• Source material:
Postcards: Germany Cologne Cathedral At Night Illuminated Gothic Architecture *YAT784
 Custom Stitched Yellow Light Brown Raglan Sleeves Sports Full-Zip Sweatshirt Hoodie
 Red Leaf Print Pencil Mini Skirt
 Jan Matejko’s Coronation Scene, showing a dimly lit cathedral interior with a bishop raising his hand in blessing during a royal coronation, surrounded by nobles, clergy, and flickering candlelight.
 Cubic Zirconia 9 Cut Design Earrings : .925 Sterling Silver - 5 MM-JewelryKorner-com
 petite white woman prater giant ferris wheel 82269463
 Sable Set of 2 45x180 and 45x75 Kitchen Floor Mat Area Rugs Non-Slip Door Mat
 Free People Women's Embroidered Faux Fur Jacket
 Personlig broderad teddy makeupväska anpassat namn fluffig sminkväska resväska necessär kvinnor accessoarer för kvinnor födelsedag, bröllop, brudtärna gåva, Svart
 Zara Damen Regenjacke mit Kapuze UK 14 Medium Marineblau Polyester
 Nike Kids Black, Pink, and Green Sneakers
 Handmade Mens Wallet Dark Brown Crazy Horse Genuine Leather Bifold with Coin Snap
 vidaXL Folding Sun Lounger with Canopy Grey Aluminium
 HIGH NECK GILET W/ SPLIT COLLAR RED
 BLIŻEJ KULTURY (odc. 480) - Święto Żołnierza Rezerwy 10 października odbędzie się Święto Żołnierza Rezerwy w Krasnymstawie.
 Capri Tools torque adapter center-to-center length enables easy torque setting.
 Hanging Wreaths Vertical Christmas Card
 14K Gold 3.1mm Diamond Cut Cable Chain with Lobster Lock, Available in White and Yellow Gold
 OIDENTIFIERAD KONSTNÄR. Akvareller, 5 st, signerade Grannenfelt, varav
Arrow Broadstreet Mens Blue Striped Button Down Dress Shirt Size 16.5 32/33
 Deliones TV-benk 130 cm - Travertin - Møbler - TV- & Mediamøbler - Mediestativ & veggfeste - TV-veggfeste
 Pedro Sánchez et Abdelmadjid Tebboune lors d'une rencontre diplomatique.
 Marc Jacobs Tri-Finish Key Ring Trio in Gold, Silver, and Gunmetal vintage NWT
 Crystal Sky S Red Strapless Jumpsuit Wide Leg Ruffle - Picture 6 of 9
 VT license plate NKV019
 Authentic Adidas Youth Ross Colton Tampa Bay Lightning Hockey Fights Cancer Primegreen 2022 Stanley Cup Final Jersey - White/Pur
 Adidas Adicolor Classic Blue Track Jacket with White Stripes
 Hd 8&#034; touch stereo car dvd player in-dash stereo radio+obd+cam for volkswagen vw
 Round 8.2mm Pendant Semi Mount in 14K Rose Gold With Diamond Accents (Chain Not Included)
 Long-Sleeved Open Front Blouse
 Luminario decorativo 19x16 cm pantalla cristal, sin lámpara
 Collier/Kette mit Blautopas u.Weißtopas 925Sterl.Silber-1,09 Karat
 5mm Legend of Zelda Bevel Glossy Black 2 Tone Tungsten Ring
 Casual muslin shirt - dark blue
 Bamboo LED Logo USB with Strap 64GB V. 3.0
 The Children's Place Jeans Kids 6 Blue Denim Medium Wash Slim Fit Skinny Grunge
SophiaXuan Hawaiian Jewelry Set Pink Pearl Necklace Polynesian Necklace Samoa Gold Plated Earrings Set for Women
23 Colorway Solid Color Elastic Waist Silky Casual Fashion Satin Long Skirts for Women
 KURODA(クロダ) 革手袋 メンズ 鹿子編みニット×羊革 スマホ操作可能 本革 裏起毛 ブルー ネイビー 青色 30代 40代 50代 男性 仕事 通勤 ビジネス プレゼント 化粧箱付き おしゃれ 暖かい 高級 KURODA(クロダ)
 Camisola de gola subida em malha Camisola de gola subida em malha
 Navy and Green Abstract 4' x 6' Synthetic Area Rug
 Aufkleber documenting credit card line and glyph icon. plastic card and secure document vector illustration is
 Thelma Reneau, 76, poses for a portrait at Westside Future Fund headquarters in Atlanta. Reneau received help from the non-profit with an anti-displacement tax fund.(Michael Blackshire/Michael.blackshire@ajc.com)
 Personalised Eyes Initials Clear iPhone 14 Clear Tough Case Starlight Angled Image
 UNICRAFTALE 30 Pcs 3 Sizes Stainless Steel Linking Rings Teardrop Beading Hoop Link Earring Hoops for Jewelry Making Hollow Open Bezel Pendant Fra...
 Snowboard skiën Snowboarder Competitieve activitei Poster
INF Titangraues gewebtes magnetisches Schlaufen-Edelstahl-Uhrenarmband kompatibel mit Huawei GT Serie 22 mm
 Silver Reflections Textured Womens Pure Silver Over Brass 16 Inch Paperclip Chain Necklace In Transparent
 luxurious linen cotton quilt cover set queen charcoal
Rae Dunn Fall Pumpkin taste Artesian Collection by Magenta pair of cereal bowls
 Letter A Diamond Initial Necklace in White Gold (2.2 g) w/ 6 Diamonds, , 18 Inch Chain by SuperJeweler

• Task statement: Transcribe each line of the data above, unaltered, from the one where "Sable Set of" appears to the one where "VT license plate NKV019" appears, inclusive of both.

• Problem solution:
 Sable Set of 2 45x180 and 45x75 Kitchen Floor Mat Area Rugs Non-Slip Door Mat
 Free People Women's Embroidered Faux Fur Jacket
 Personlig broderad teddy makeupväska anpassat namn fluffig sminkväska resväska necessär kvinnor accessoarer för kvinnor födelsedag, bröllop, brudtärna gåva, Svart
 Zara Damen Regenjacke mit Kapuze UK 14 Medium Marineblau Polyester
 Nike Kids Black, Pink, and Green Sneakers
 Handmade Mens Wallet Dark Brown Crazy Horse Genuine Leather Bifold with Coin Snap
 vidaXL Folding Sun Lounger with Canopy Grey Aluminium
 HIGH NECK GILET W/ SPLIT COLLAR RED
 BLIŻEJ KULTURY (odc. 480) - Święto Żołnierza Rezerwy 10 października odbędzie się Święto Żołnierza Rezerwy w Krasnymstawie.
 Capri Tools torque adapter center-to-center length enables easy torque setting.
 Hanging Wreaths Vertical Christmas Card
 14K Gold 3.1mm Diamond Cut Cable Chain with Lobster Lock, Available in White and Yellow Gold
 OIDENTIFIERAD KONSTNÄR. Akvareller, 5 st, signerade Grannenfelt, varav
Arrow Broadstreet Mens Blue Striped Button Down Dress Shirt Size 16.5 32/33
 Deliones TV-benk 130 cm - Travertin - Møbler - TV- & Mediamøbler - Mediestativ & veggfeste - TV-veggfeste
 Pedro Sánchez et Abdelmadjid Tebboune lors d'une rencontre diplomatique.
 Marc Jacobs Tri-Finish Key Ring Trio in Gold, Silver, and Gunmetal vintage NWT
 Crystal Sky S Red Strapless Jumpsuit Wide Leg Ruffle - Picture 6 of 9
 VT license plate NKV019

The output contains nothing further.